The study’s findings were based on interviews with “senior leaders and owners of Vietnam’s garment and textile small and medium-sized enterprises (SMEs).” (Note: However, the study didn’t specify when and how many interviews were conducted.) Below are the summarized key findings:
#1: Vietnam’s textile and apparel industry heavily uses cotton imported from China. As noted in the study, in 2021, China accounted for nearly 30% of Vietnam’s cotton imports (ranked #1, $1.48 billion out of total $4.99 billion imports), surpassing the US ($1.05 billion).
#2: Vietnam’s garment exports may contain Xinjiang cotton. According to the study, “Once the cotton arrives in Vietnam, international intermediary manufacturers create finished garments from semi-finished products to export globally, often using the same materials from banned Chinese suppliers. This results in the ‘laundering’ of Xinjiang cotton.”
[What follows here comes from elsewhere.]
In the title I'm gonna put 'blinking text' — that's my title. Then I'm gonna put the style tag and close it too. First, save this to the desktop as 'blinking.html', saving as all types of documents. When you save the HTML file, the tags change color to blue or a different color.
#3: Vietnam textile and apparel SMEs report challenges in proving the origin of cotton in fabrics. For example, one respondent says, “Differentiating between cotton products coming from different sources is challenging as they might have been blended while being transported by sea. Suppliers from China, Vietnam, Bangladesh, India, and Pakistan may engage in this practice to falsely label Xinjiang cotton as coming from other locations to circumvent this act.”
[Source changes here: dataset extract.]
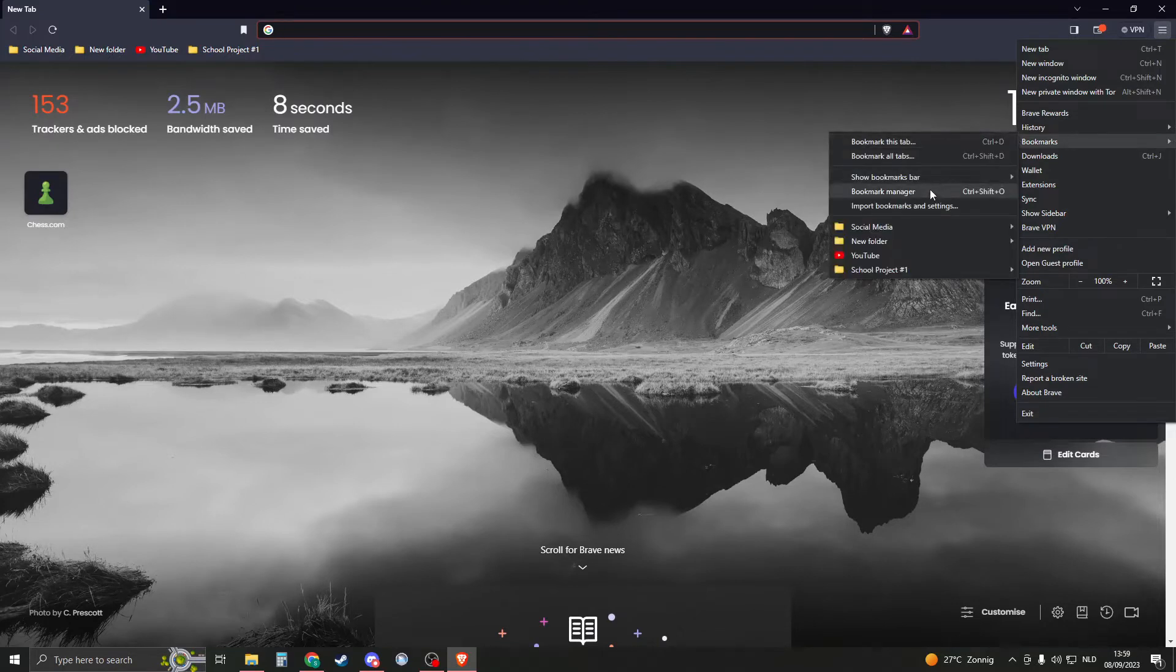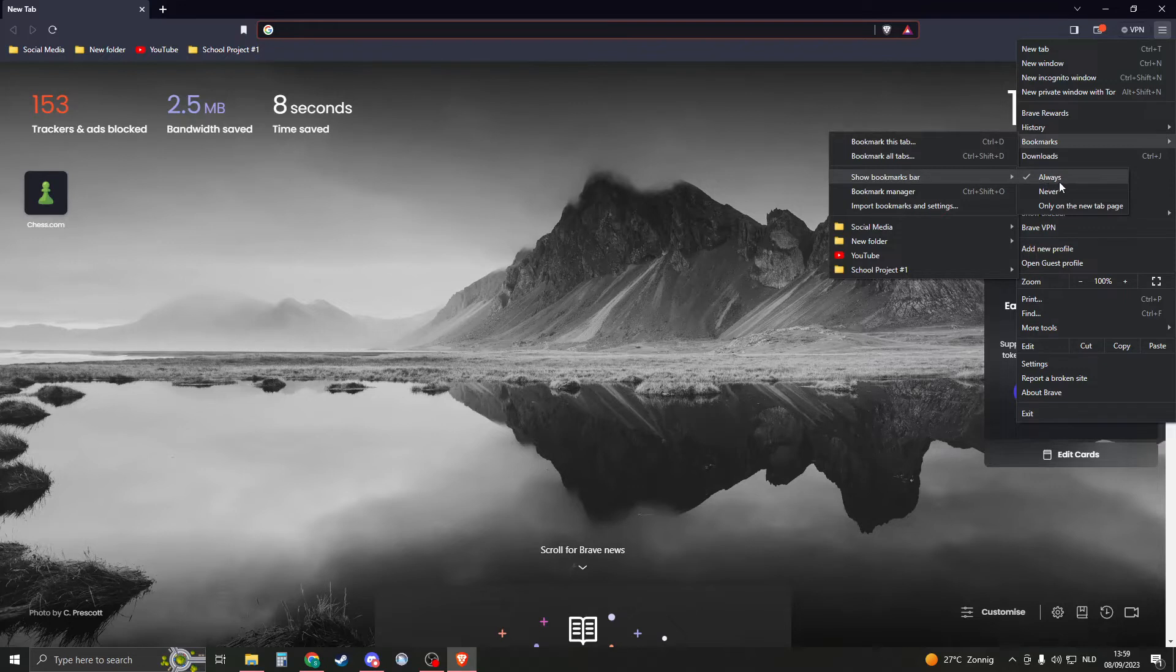And now you will have show bookmarks bar. So here you can click on always, never, or only on the new tab page.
#4: Vietnam’s textile and apparel SMEs say the UFLPA implementation has negatively affected their exports to the United States.
- CBP’s statistics show that (current as of July 1, 2023), since UFLPA’s implementation in June 2022, a more significant amount of Vietnam’s textiles, apparel, and footwear were affected by law enforcement than those from China (e.g., $20 million vs.$16.2 million investigated and $3.53 million vs.$1.04 million denied access).
- US fashion companies are sourcing LESS from Vietnam due to forced labor concerns. According to one respondent, “My company is producing apparel products for several US-based fashion brands and uses materials from China and exports to the US. Since UFLPA was in place in June 2022, they have ordered less from us. It seems that our partners feel pressure from the regulators, so they are looking for alternative risk-free suppliers.”
- The surveyed SMEs also expect MORE of Vietnam’s textile and apparel exports to be investigated under the UFLPA enforcement down the road. Some SMEs commented that “it would be hard for US firms to rapidly find alternative suppliers in a short time, therefore more checks on Vietnamese cargoes are to be expected.”
- The study acknowledges that “In the worst-case scenario, Vietnamese SMEs may lose market access if their American importers are unable to verify that the supply chain is free from inputs produced via forced labor.”
#5: UFLPA also increased the trade compliance costs of “Made in Vietnam,” a significant challenge to many SMEs. One respondent commented, “Compliance with the UFLPA may pose a challenge for SMEs due to the higher costs associated with providing the necessary documentation of their supply chains. This could be due to the need to conduct additional audits, hire external consultants, or implement new tracking systems.”
Additionally, the report called for Vietnam’s textile and apparel SMEs to 1) diversify the supply chain, especially using more cotton imports from the US, India, Australia, and Brazil. 2) enhance supply chain traceability (note: how to make it happen remains a big question mark); 3) engage in dialogue with US authorities.